媒体接入控制MAC层处在Ad Hoc网络协议栈的底层,它通过提供有效的调度机制来分配有限的信道资源,直接控制着所有数据报文和控制信息在无线信道上发送和接收。因此,MAC层的调度机制是上层各种协议机制提供QoS的最终保障因素。通过对MAC层接入控制的研究来提供QoS保障已经成为研究热点。
本文对Ad Hoc网络MAC层的接入控制机制进行深入分析后,提出了基于窗口阶的折半退避算法—ZDCF,之后结合QoS保障的要求,将ZDCF算法应用到了增强型的MAC接入控制机制EDCA中,提出了通过检测网络状态动态修改竞争机会(TXOP)值的策略—ZEDCA。最后在Linux操作系统中建立NS2仿真模型,实现对MAC层接入控制的模拟,分析实验产生的trace结果后,得出本文提出的改进机制能够很好的保证QoS要求。
With the people's growing demand for personal communications, and the rapid emergence of wireless communications technology and internet, wireless communication network has been developed rapidly in recent years. Because of some special occasions and life requirements, traditional infrastructure-based wireless network appeared to be quite helpless, at this time Mobile Ad Hoc Network (Ad Hoc) became the research hotspot. In the Ad hoc network, each node has both router’s and host’s functions. It can be widely applied to military communications, post-disaster rescue and business occasions. But meanwhile, Ad Hoc network has the characteristics of auto-formed, dynamic topology and distributed which seriously restricted its service providing to users, therefore Ad Hoc network QoS research has important theoretical and practical significance. Media access control (MAC) sub-layer is at the bottom of Ad Hoc network’s protocol stack, its role is to provide an effective mechanism for allocating limited wireless channel resources, therefore, whether the MAC layer can efficiently use the limited wireless channel bandwidth can be a key factor to the protection of QoS provided by the upper protocol mechanisms. The characteristic of wireless channel is mainly embodied in the following layers of network layer, and some QoS mechanism can be applied more efficiently in the MAC layer, so it is also a hotspot to research the QoS protection in the MAC layer. Ad Hoc Network MAC layer protocol can be divided into random competition category, type and mixed type of distribution protocol, the current studies mainly used IEEE 802.11 MAC protocol which has been most widely used. Therefore, this paper will also use the IEEE 802.11 MAC protocol in Ad Hoc Network MAC Protocol for QoS research.

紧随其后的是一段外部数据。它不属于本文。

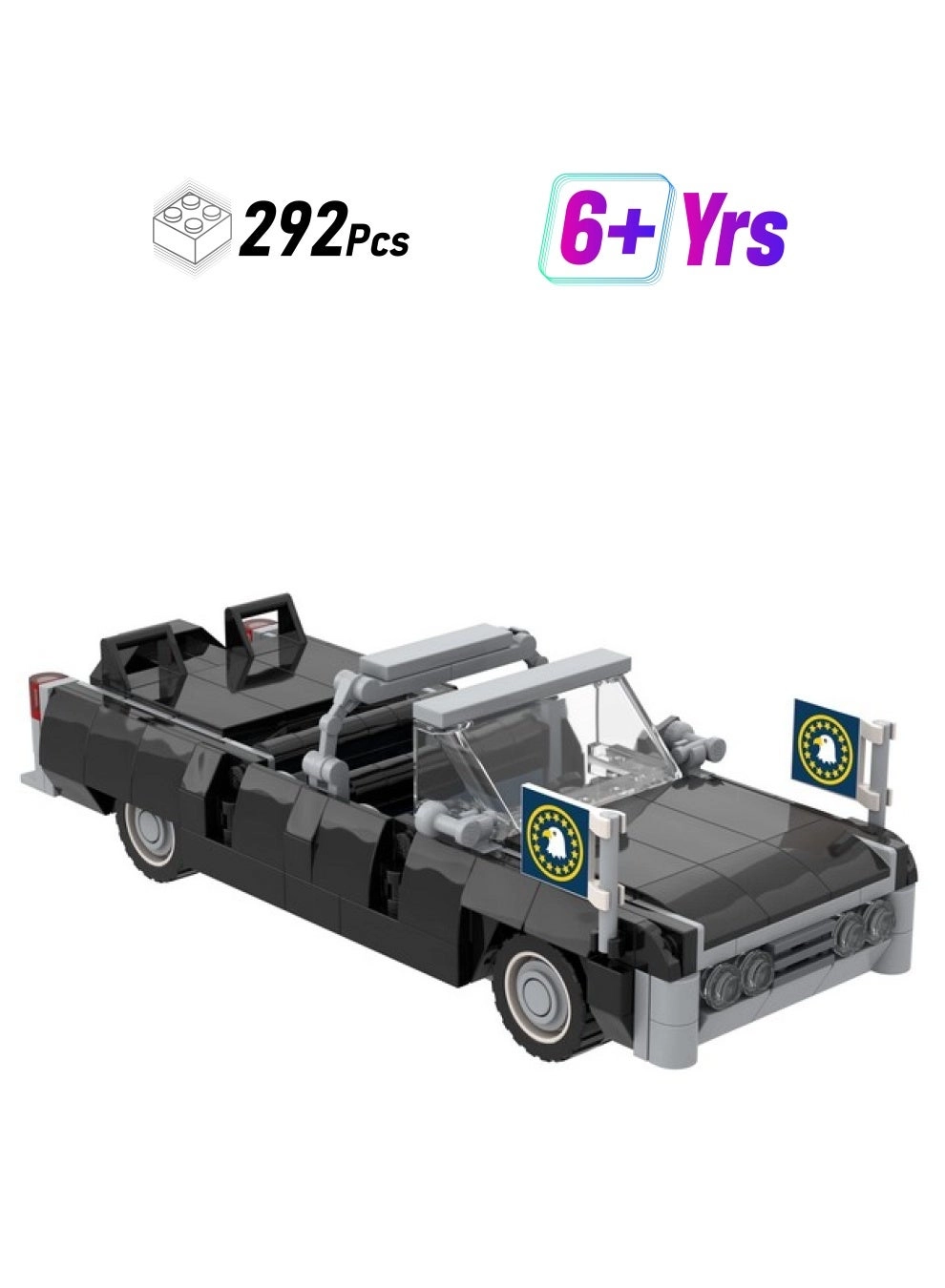 Brick Loot Presidential Limousine - Vehicle 292 pcs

In this paper, the location, the structure and the frame format of the MAC layer are introduced firstly, and then by analyzing the distributed coordination function (DCF) mechanism and its basic back-off algorithm BEB, an exponential-based half back-off algorithm ZDCF is proposed. Besides, combining the needs of QoS protection, ZDCF algorithm is applied to the low-priority business window back on mechanism of DCF Enhanced Distributed Channel Access (EDCA), and a new strategy of ZEDCA is proposed which dynamically modifies Transmission Opportunity (TXOP) by detecting the status of network.

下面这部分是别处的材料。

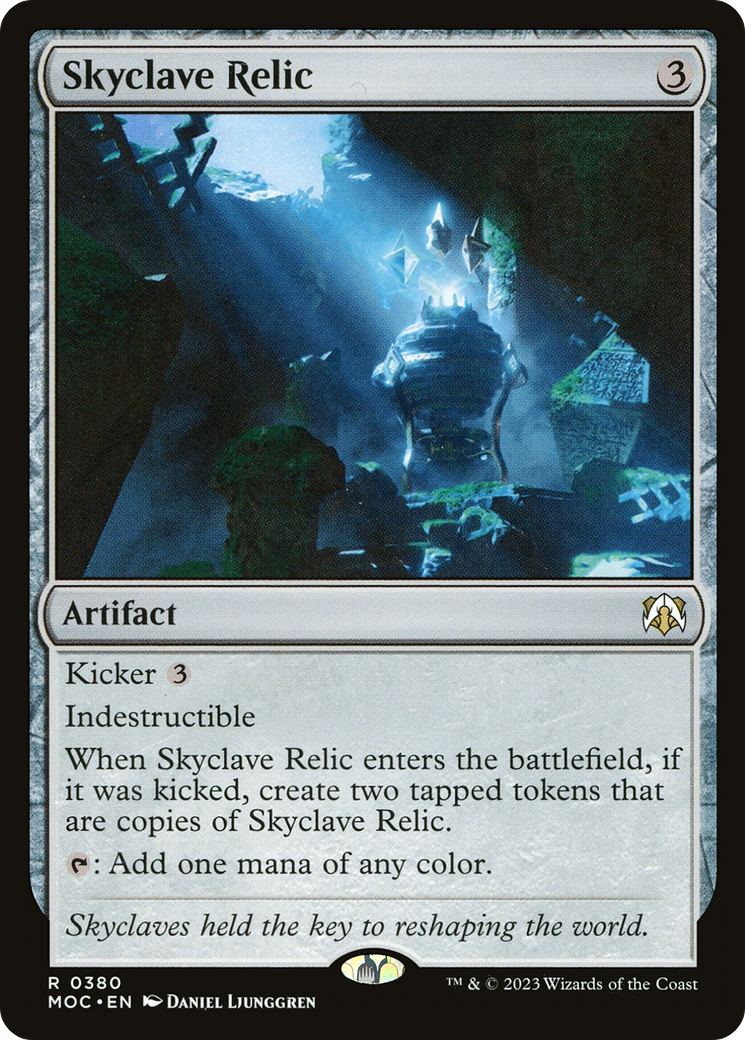 Image of Skyclave Relic [March of the Machine Commander]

DCF is the lower sub-layer of the MAC layer which uses a competitive algorithm to provide mechanism of access for all communications of distributed network, and it is widely used in the Ad Hoc network. The core mechanism of DCF is Carrier Sense Multiple Access/Collision Avoidance (CSMA/CA) protocol, which has two strategies including the basic operational mode and the RTS/CTS mode. In the DCF mechanism, if collision in channel happens while sending data, the process of competition back window is needed, the window of CWmin and CWmax is decided by the physical layer, DCF uses Binary Exponential Back-off (BEB). In BEB, if the collision of data has happened, the back window will be doubled, and after the data is sent successfully, the window will back to its smallest size CWmin, but data congestion will inevitably take place at the smallest. In this paper, by analyzing various improved schemes of BEB algorithm, an exponential-based half back-off algorithm ZDCF is proposed. ZDCF uses BEB scheme algorithm while the collision of sending data happens, however, doubles the window, and after the data has been sent successfully, the mid value of the current window order and the minimum window order is got as the order of the back-off window instead of backing straight to the minimum window. The ZDCF algorithm only needs to add a variable in the program to store the current order of the window, which belongs to the static change of CW algorithm, in line with the needs that because of the wireless channel bandwidth limitations and the characteristics of instability, it shouldn’t transmits control information frequently. While there aren’t many nodes, the window will back to the minimum value immediately, so it has the advantage of BEB algorithm; while there are many nodes, the back window will be located in different orders after calculating and won’t cause congestion, and it avoids the drawback of BEB algorithm. ZDCF computing approach is simple, not easy to make mistakes, and better scalability, meanwhile, it can be used in different window scope without any changes.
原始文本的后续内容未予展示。